_Task goal_. Give again, word for word, the line holding "I'm going to show" and every line after it through the end of the data below. Omit pictures.

___ Recorded information ___

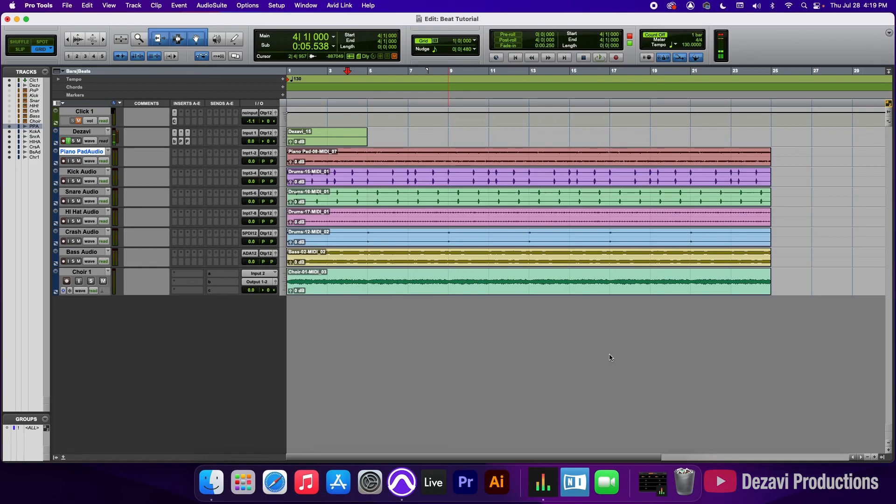So we're going to end part two here and do the arrangement, effects, edit, mix, master and finally bouncing out in part three. Thank you for watching. In part three, we'll cover how to make an arrangement, edit, mix, master, and finally bounce your beat. Subscribe and comment below what you think I should cover next. I'll see you at the next session.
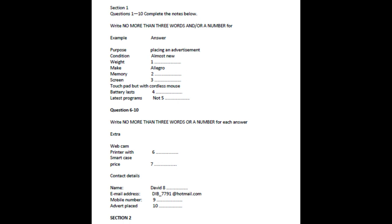First, you have some time to look at questions 1 to 5. You will see that there is an example which has been done for you. On this occasion only, the conversation relating to this will be played first. Hi, I'm Debbie. How can I help? Hi, my name's David. I'm just looking to place an advertisement on the main union notice board to sell a laptop and a few accessories if that's possible. The answer is advertisement. So advertisement has been written in the space. Now the test will begin. You should answer the questions as you listen, because you will not hear the recording a second time. Listen carefully and answer questions 1 to 5.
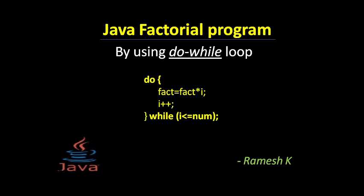Hello guys, welcome to my YouTube channel Masters in Selenium and I am Ramesh Kodmuru. Today we will see how to calculate the factorial of a number using do while loop in Java. Let's start.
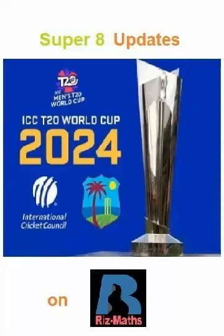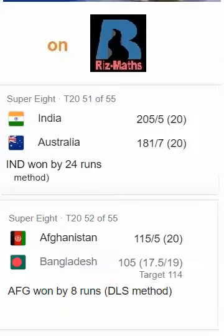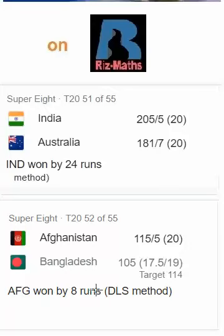Hi viewers, here are the Super 8 updates about the T20 Men's Cricket World Cup Tournament in 2024. The final two matches of the Super 8 — match 51, which India won from Australia, and the match between Koranth and Burmish Khan — was decided by the DLS method by 8 runs.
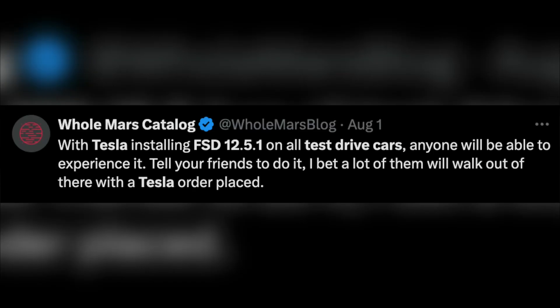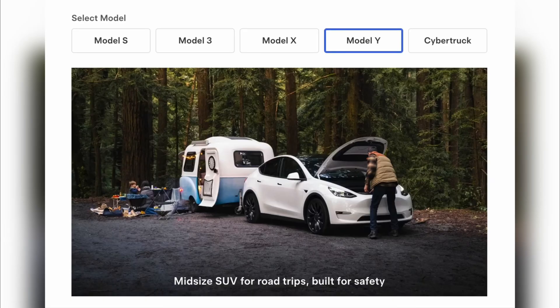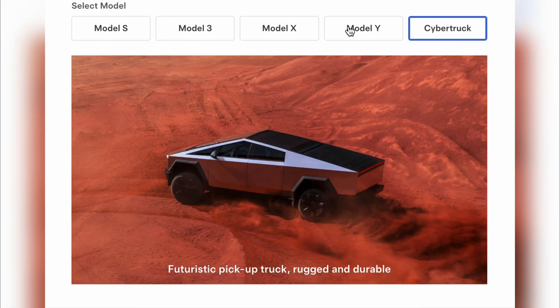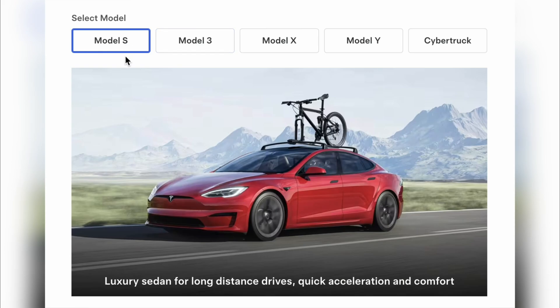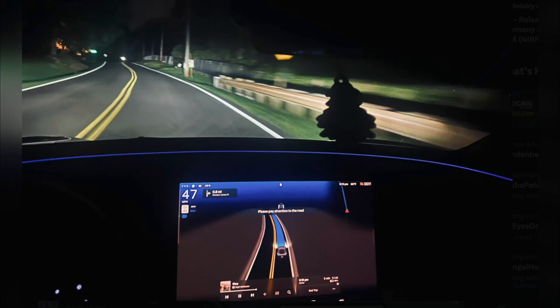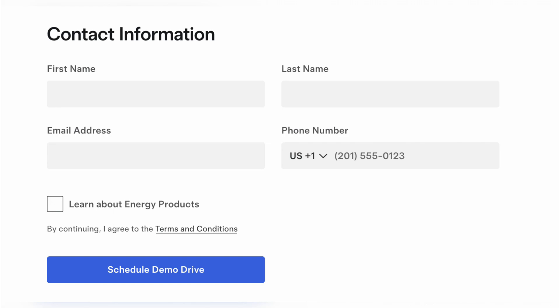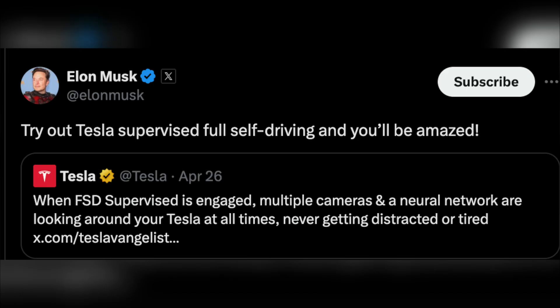If you want to experience a Tesla car before purchasing it, you can get a test drive with the latest FSD software. Right now, Tesla is installing FSD 12.5.1 in all test drive cars, so anyone will be able to experience it and know the difference between Tesla FSD vs. Autopilot and how to drive the car without using hands. So, tell your friend to test drive a Tesla car.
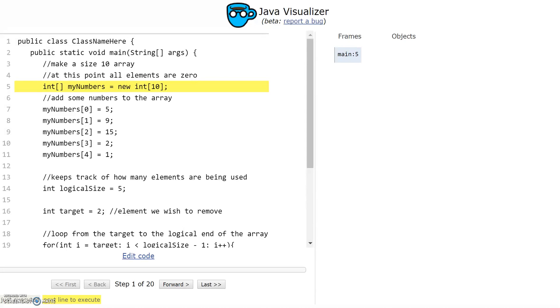I'm going to show you how to remove an element from an array, and to help me do that I'm going to use the Java code visualizer from CS Circles at the University of Waterloo.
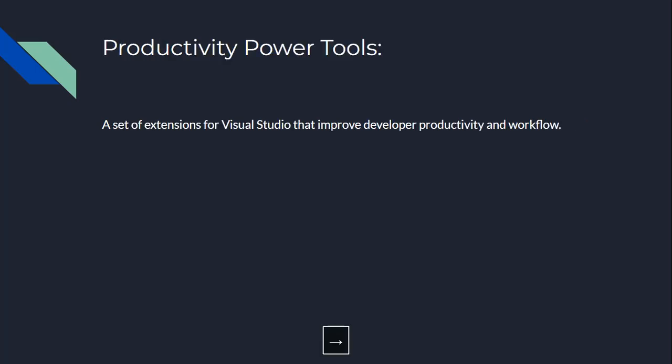Number five, we have Productivity Power Tools. Imagine you're a C Sharp developer and you're trying to work on a project, but you're feeling unproductive. Productivity Power Tools is like a personal motivator that helps you get things done. It's a set of extensions for Visual Studio that improves developer productivity and workflow, making it easier to focus on your work.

___

_Task answer_.
I'm going to show you how to remove an element from an array, and to help me do that I'm going to use the Java code visualizer from CS Circles at the University of Waterloo.
Number five, we have Productivity Power Tools. Imagine you're a C Sharp developer and you're trying to work on a project, but you're feeling unproductive. Productivity Power Tools is like a personal motivator that helps you get things done. It's a set of extensions for Visual Studio that improves developer productivity and workflow, making it easier to focus on your work.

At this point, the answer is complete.